(Task input begins)

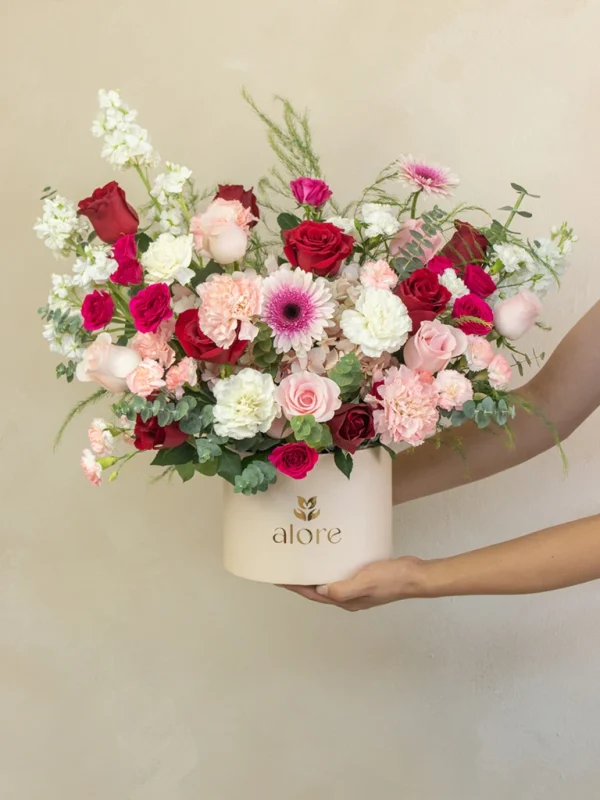 caja_de_rosas_rojas_y_rosadas_premium manos sosteniendo una caja gigante de rosas rojas y flores variadas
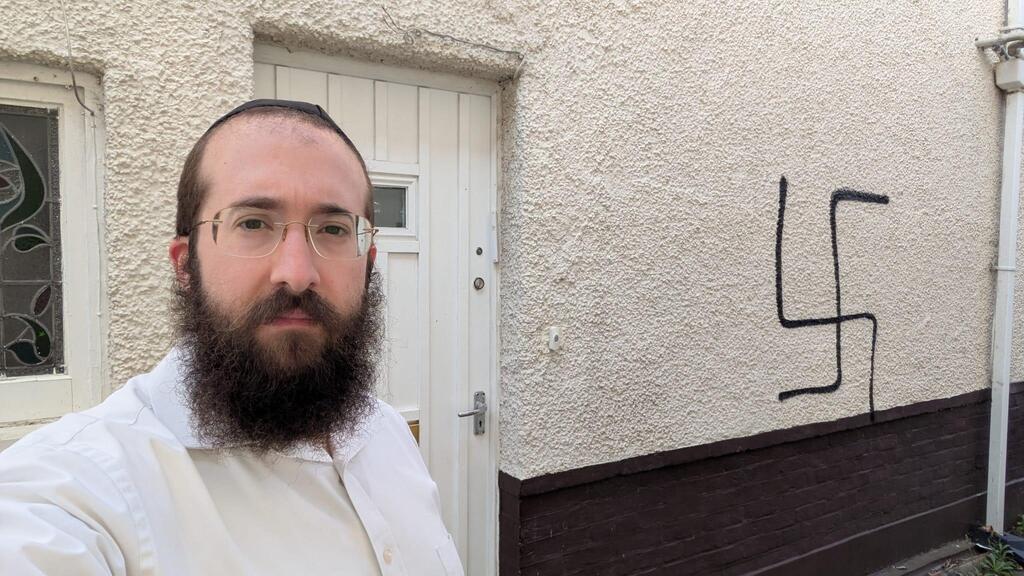 הרב בנצי אלפרוביץ' לצד הגרפיטי של צלב קרס שרוסס על ביתו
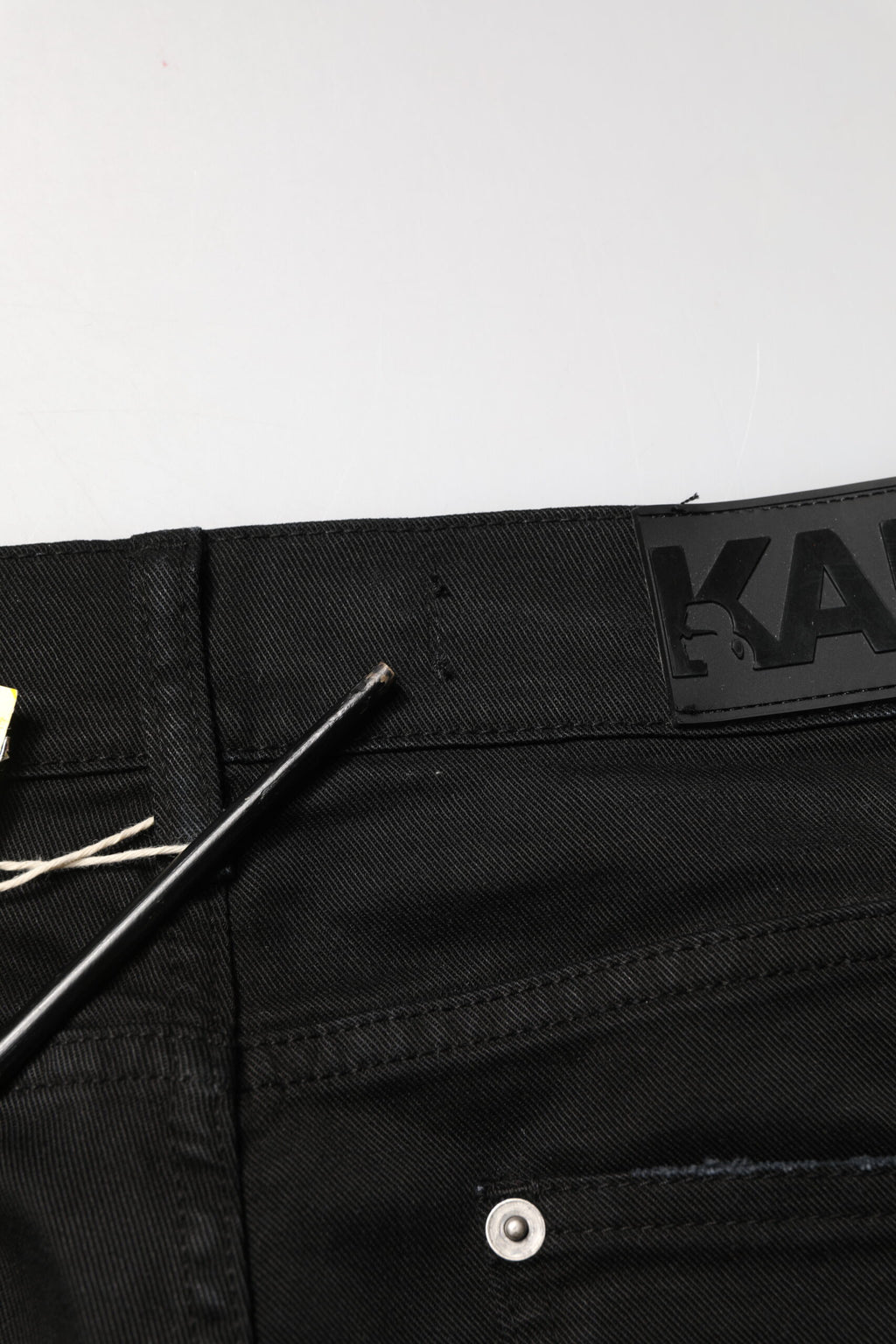 Jeans skinny noirs pour homme Karl Lagerfeld, déchirés et tachetés, en denim usé avec style.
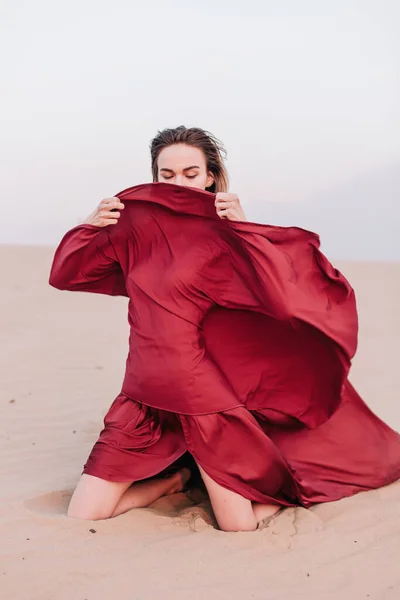 Девушка с красной тканью сидит на песке — стоковое фото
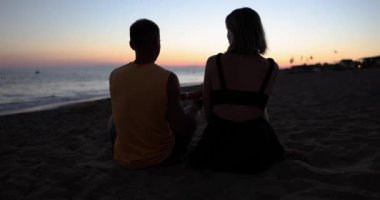 Couple in love watching sunset on beach together. Silhouette of people in love from behind sitting enjoying view of sunset sea
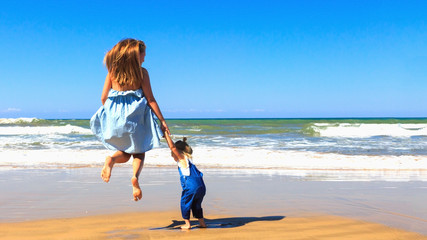 Mother and daughter having fun on the beach at sunny day.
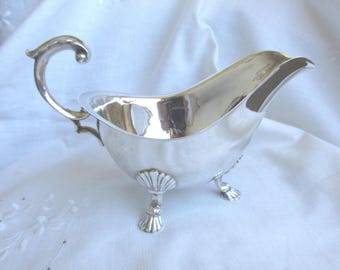 Könnte beinhalten: Eine polierte silberfarbene Sauciere mit geschwungenem Griff, breitem Ausguss und drei dekorativen Füßen, die oben jeweils mit einem muschelartigen Muster verziert sind. Die metallische Oberfläche ist glatt und reflektierend gestaltet.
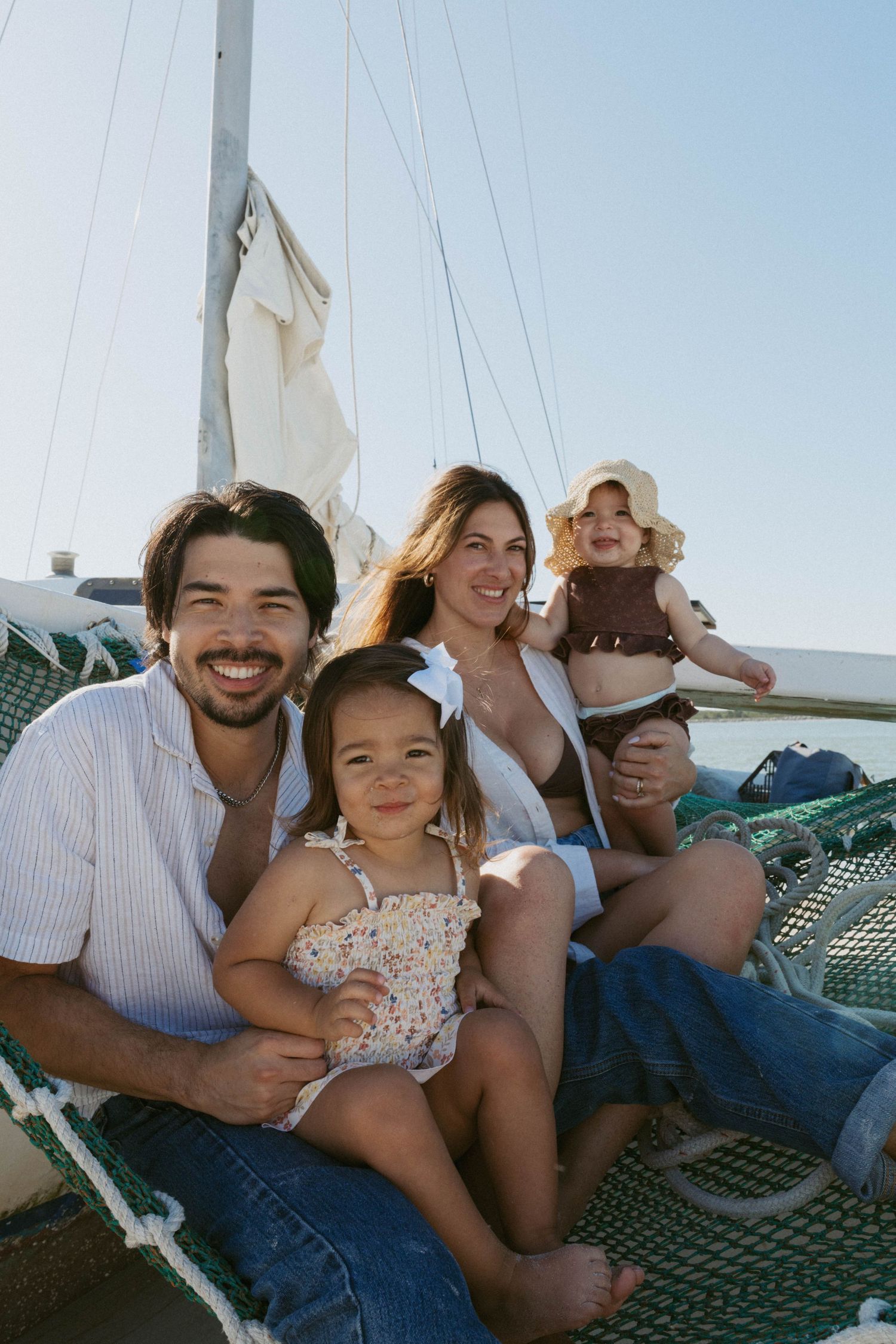 Happy family with two young children sitting on a sailboat deck on a sunny day, smiling outdoors.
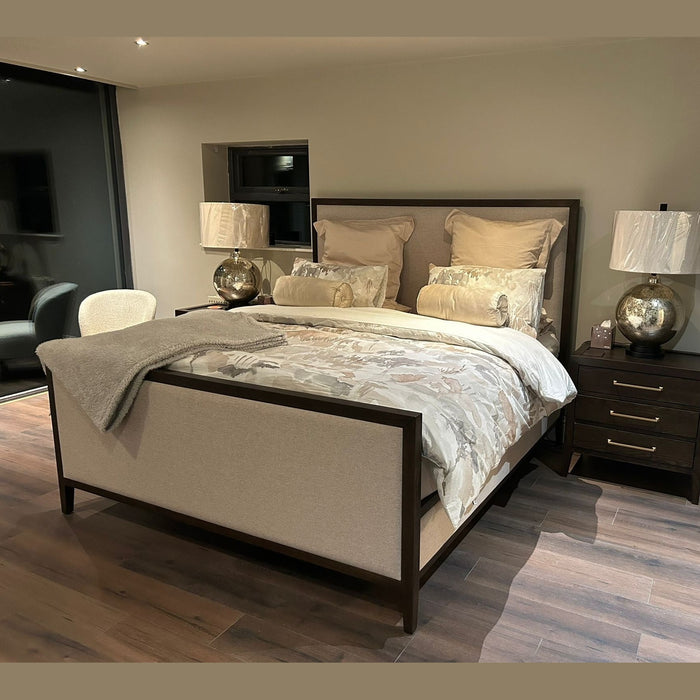 The Hampshire Bedframe, featuring dark wood and luxurious upholstery, is enhanced by a side lamp, bringing elegance to your bedroom.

(Task input ends)

### What the task asks
Drop the images and copy all the data exactly.

### Solution
 caja_de_rosas_rojas_y_rosadas_premium manos sosteniendo una caja gigante de rosas rojas y flores variadas
 הרב בנצי אלפרוביץ' לצד הגרפיטי של צלב קרס שרוסס על ביתו
 Jeans skinny noirs pour homme Karl Lagerfeld, déchirés et tachetés, en denim usé avec style.
 Девушка с красной тканью сидит на песке — стоковое фото
 Couple in love watching sunset on beach together. Silhouette of people in love from behind sitting enjoying view of sunset sea
 Mother and daughter having fun on the beach at sunny day.
 Könnte beinhalten: Eine polierte silberfarbene Sauciere mit geschwungenem Griff, breitem Ausguss und drei dekorativen Füßen, die oben jeweils mit einem muschelartigen Muster verziert sind. Die metallische Oberfläche ist glatt und reflektierend gestaltet.
 Happy family with two young children sitting on a sailboat deck on a sunny day, smiling outdoors.
 The Hampshire Bedframe, featuring dark wood and luxurious upholstery, is enhanced by a side lamp, bringing elegance to your bedroom.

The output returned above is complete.